Thanks Michael, I feel a bit more at ease with my antenna selection now. I did reference the myswitch site previously which was very helpful. Apparently I can get kurrajong however 2 doors door id have to aim it at Sydney which shows the requirement for VHF & UHF. Considering I'm likely a bit borderline I bought the combination. 
I know other factors could intervene but happy I'm a step in the right direction. Cheers

----------


## SirOvlov

Adding the splitter will take -8ish db off once connected to one tv, each there after can takr another -5db depending on length and tuner being connected. If you use a powered splitter you wont loose the -8ish but for each connection there after you will.

----------


## michael_sa

> Adding the splitter will take -8ish db off once connected to one tv, each there after can takr another -5db depending on length and tuner being connected. If you use a powered splitter you wont loose the -8ish but for each connection there after you will.
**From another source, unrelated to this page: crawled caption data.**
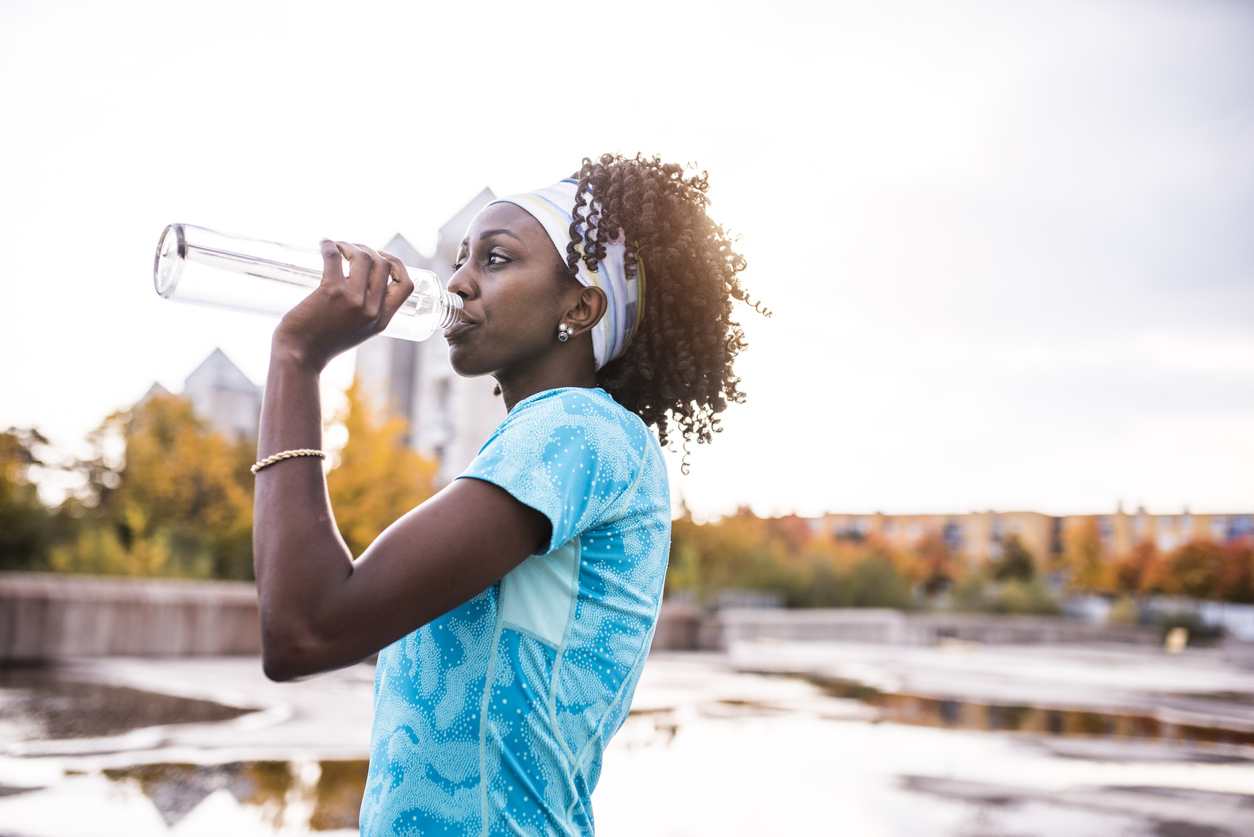 Athlete drinking water stock photo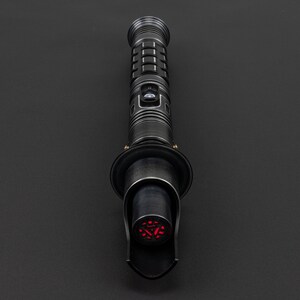 K&ouml;nnte beinhalten: Ein schwarzes Lichtschwert mit einer roten Klinge. Das Lichtschwert hat einen schwarzen Griff mit einem silbernen Knopf und einen schwarzen Emitter.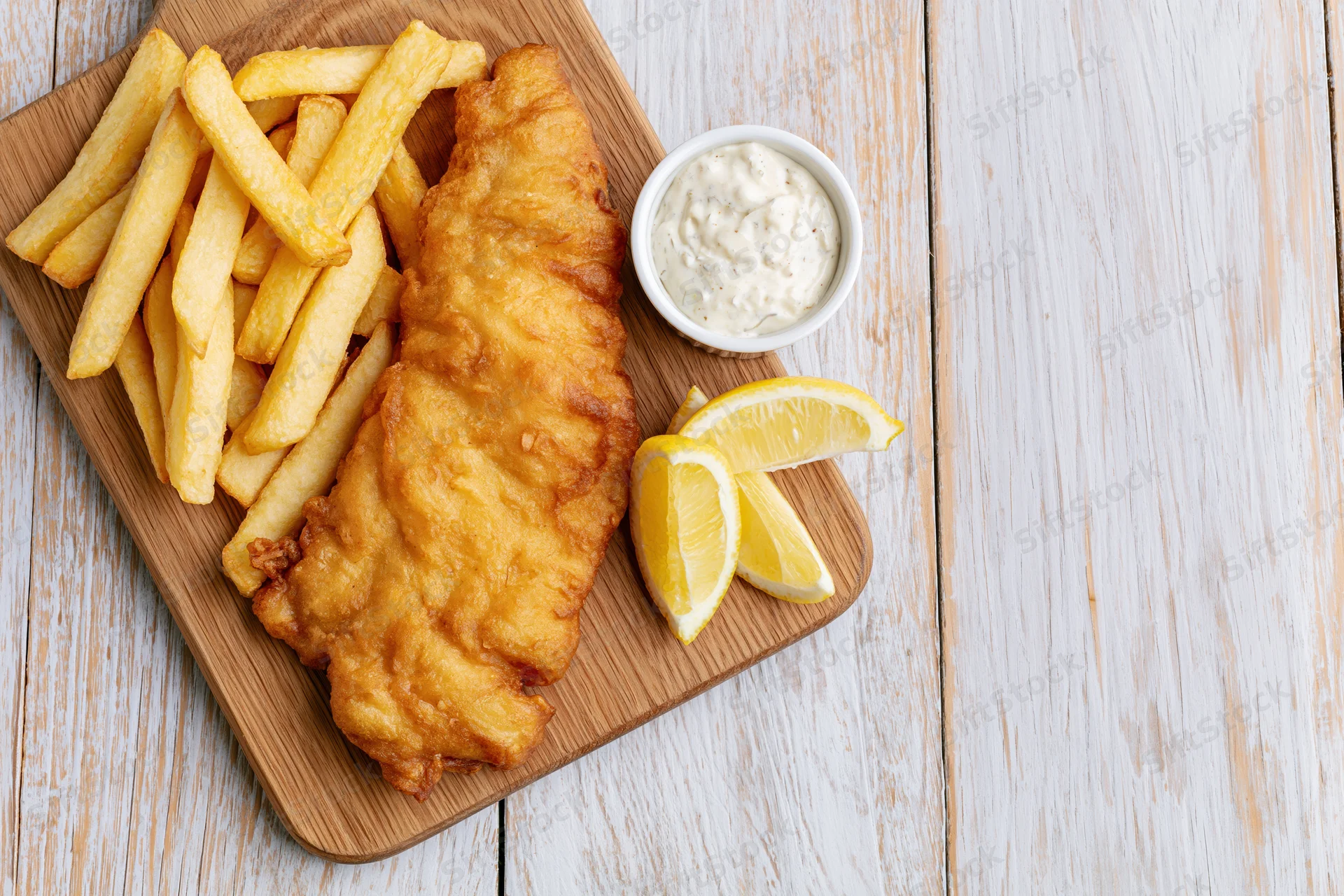 Beer-battered fish fillet and golden french fries served on a wooden board with lemon wedges and tartar sauce on a white wooden table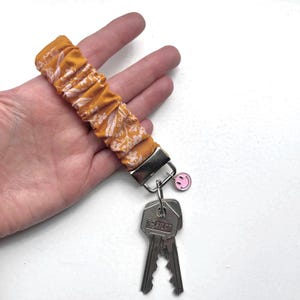 Llavero elástico para sujetar a tu muñeca. Especie de coletero para muñeca; Ideal para sujetar tus llaves. De color óxido
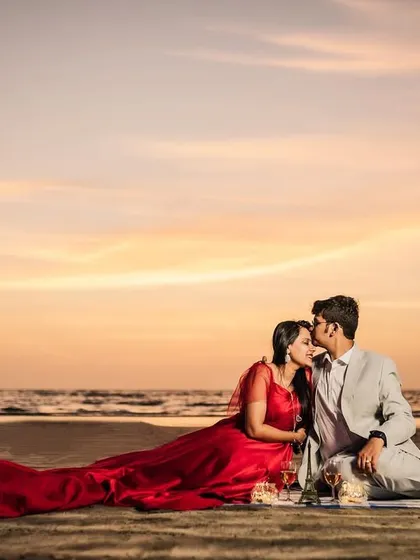 A dreamy sunset picnic on the beach. I help style these moments with props and dramatic dresses to create those truly unforgettable, movie-like shots.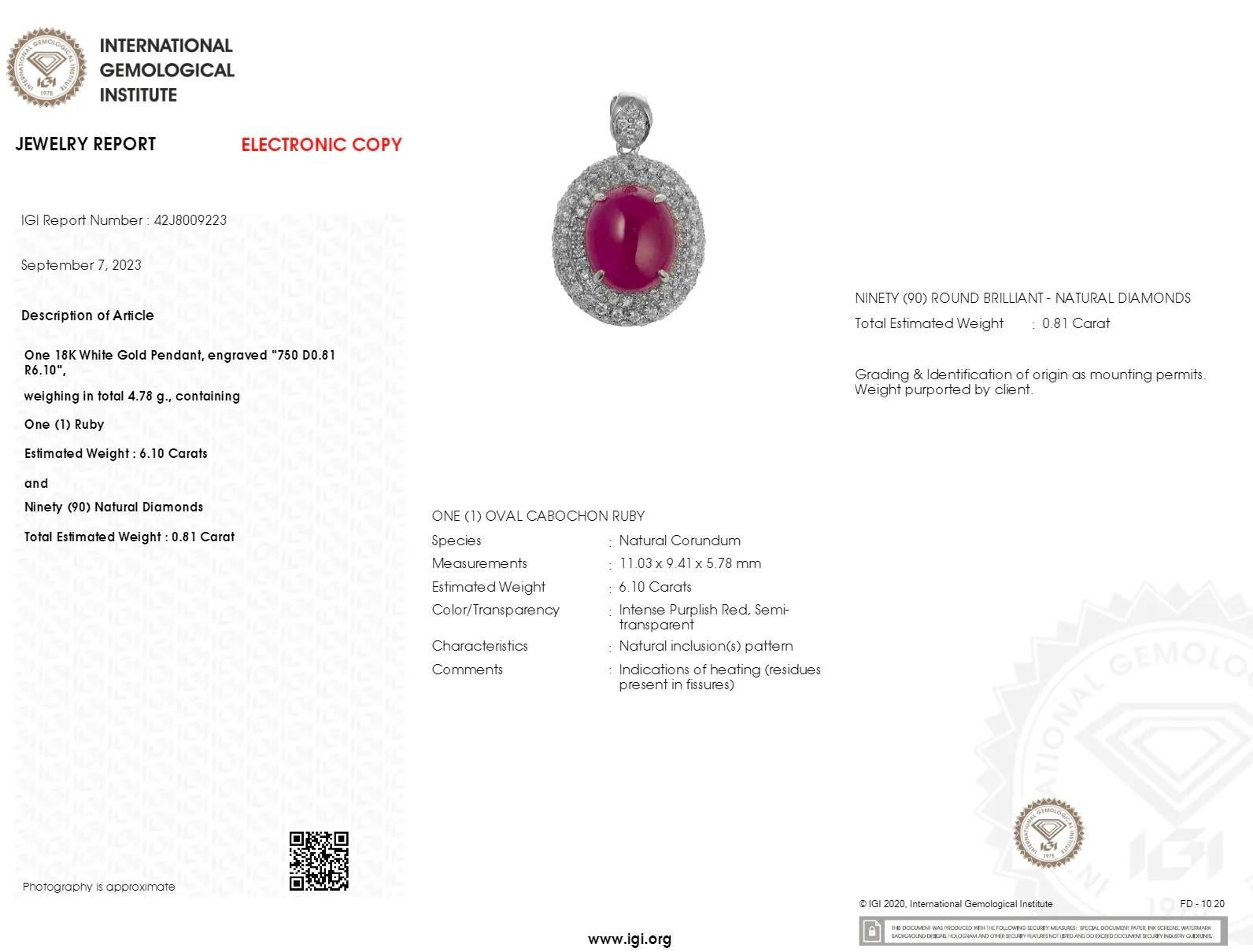Indulge in the vibrant elegance of this exquisite pendant, showcasing a magnificent 6.10 carat natural ruby. The classic oval cut beautifully displays the gem's rich and captivating intense purplish red hue, a colour that embodies passion and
  Rather than hi-jack this thread, I'm quite happy to take this up with you via PM or email as what you are saying is simply not correct and I'm more than happy to demonstrate that to you.
I'm actually quite interested to know what your experience was that led you to believe this and how you measured the results.
 - I'm presuming you have accurate professional test equipment and have actually seen the signal decrease (as you suggest) as other outlets are terminated by TV's.
When you did this test, did you also measure the pre & post BER? What about the MER? as it's not just about the digital signal power. 
I have brand new stock in my work bus to recreate your example and in the interests of some friendly education, I'd be happy to email you (or post publicly) photos displaying results that show your belief is misguided. (PM your email if you are interested) 
Regards, 
Michael

----------


## oldtrack123

> Rather than hi-jack this thread, I'm quite happy to take this up with you via PM or email as what you are saying is simply not correct and I'm more than happy to demonstrate that to you.
> I'm actually quite interested to know what your experience was that led you to believe this and how you measured the results.
> - I'm presuming you have accurate professional test equipment and have actually seen the signal decrease (as you suggest) as other outlets are terminated by TV's.
> When you did this test, did you also measure the pre & post BER? What about the MER? as it's not just about the digital signal power. 
> I have brand new stock in my work bus to recreate your example and in the interests of some friendly education, I'd be happy to email you (or post publicly) photos displaying results that show your belief is misguided. (PM your email if you are interested) 
> Regards, 
> Michael

  Hi Michael  
Why go by PM?? 
I am sure no one would mind knowing the right ANSWERS 
I perrsonally think PMs on subjects such as this defeats the whole purpose of a forum.
After all it is a special forum section allocated for that purpose
Those that find it too deep simply do not have to bother reading :Biggrin:  
PeterQ

----------


## SirOvlov

No hijacking, I think the op's question has been awnsered and now it is a discussion, exactly what a forum should be. If I'm wrong, fine, not a drama but to do it by PM's is a little high school! 
It's been 5yrs since I was on tools and now in a completely different field (conveyancing) so my memory is a little off. I would love for you michael to bench say a 4 way unpoweredsplitter with 10-20 metre runs on each and see the loss and I think the forum would too. -5db is what I remember and we are talking power, not quality but feel free to show the results of both.

----------


## michael_sa

I'm not sure from where this myth originates. I've heard it a few times before and unfortunately, the internet is not only a great source of information, but it's also pretty effective at spreading misinformation.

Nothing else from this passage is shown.